Wissenschaftler und Experten fordern längere Teststrecke statt Abbau
Wissenschaftler und Experten aus Schleswig-Holstein hatten der Bundesregierung vorgeworfen, dem Oberleitungsprojekt vorzeitig den Stecker zu ziehen. Die deutsche Technologieführung in dem Bereich werde aufs Spiel gesetzt. Die Projektleitung beim Forschungs- und Entwicklungszentrum (FuE-Zentrum) der Fachhochschule Kiel forderte, die Strecke auszubauen und nicht einzustellen. So könnte die rund 75 Kilometer lange Strecke zwischen den Häfen in Lübeck und Hamburg elektrifiziert werden oder sogar bis nach Bremen.

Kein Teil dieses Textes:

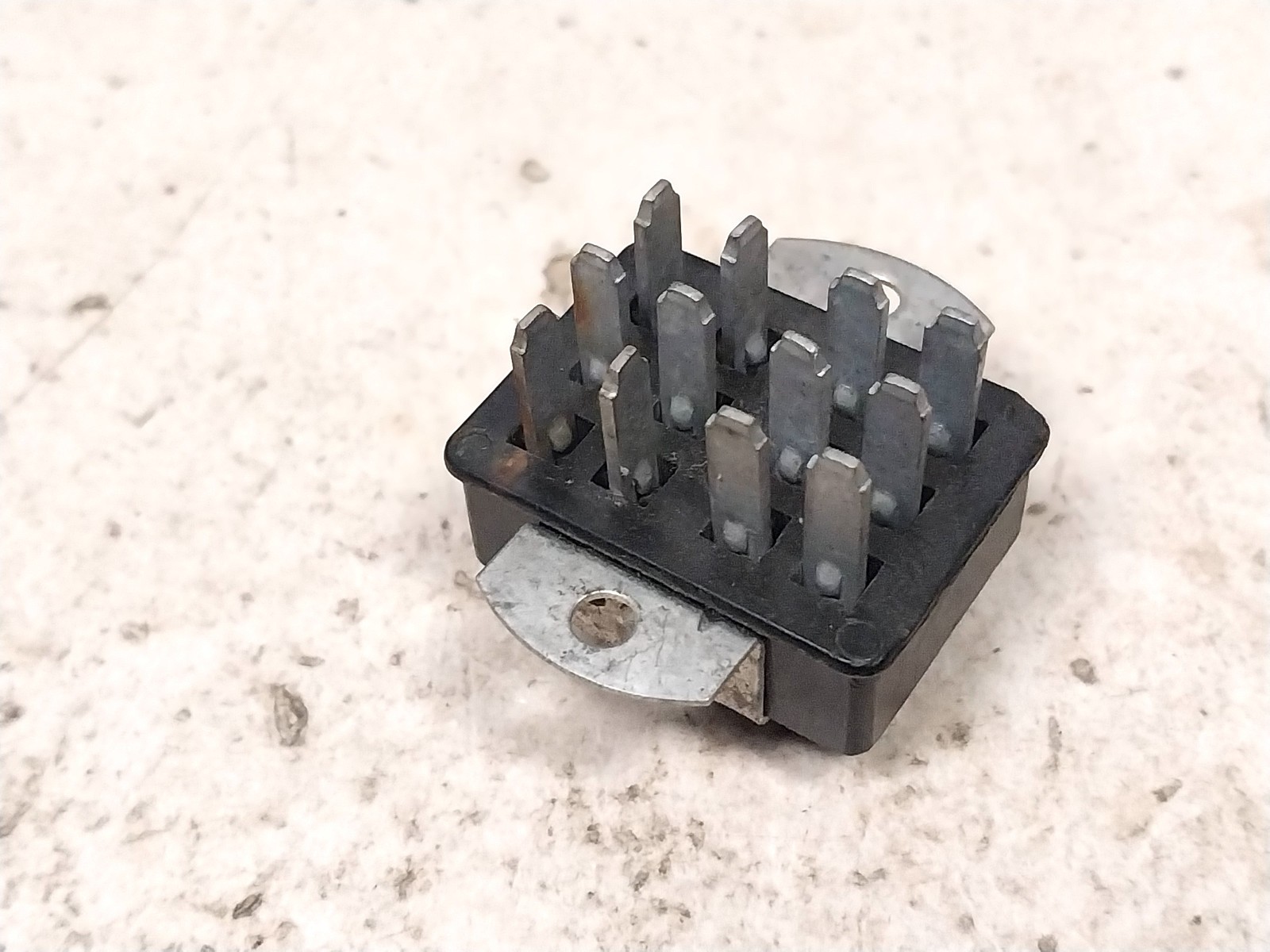 New Unused 12 pin Male Jones Plug Chassis Mount / Old Vintage Ham Radio Power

Die Technik sei inzwischen so ausgereift, dass sie sofort flächendeckend ausgerollt werden könne. Allein bei Reinfeld waren die Lkw bei rund 12.500 Durchfahrten auf etwa 48.000 Kilometern per automatisch ausfahrbarem Stromabnehmer mit der Oberleitung verbunden. Dabei bezogen sie etwa 73.000 Kilowattstunden (kWh). Schleswig-Holsteins Verkehrs-Staatssekretär Tobias von der Heide (CDU) hält es für „fatal“, das Projekt Ende des Jahres versanden zu lassen. Denn Schleswig-Holstein als Land der grünen Energie biete sich geradezu als Musterbeispiel für die Dekarbonisierung des Schwerverkehrs an.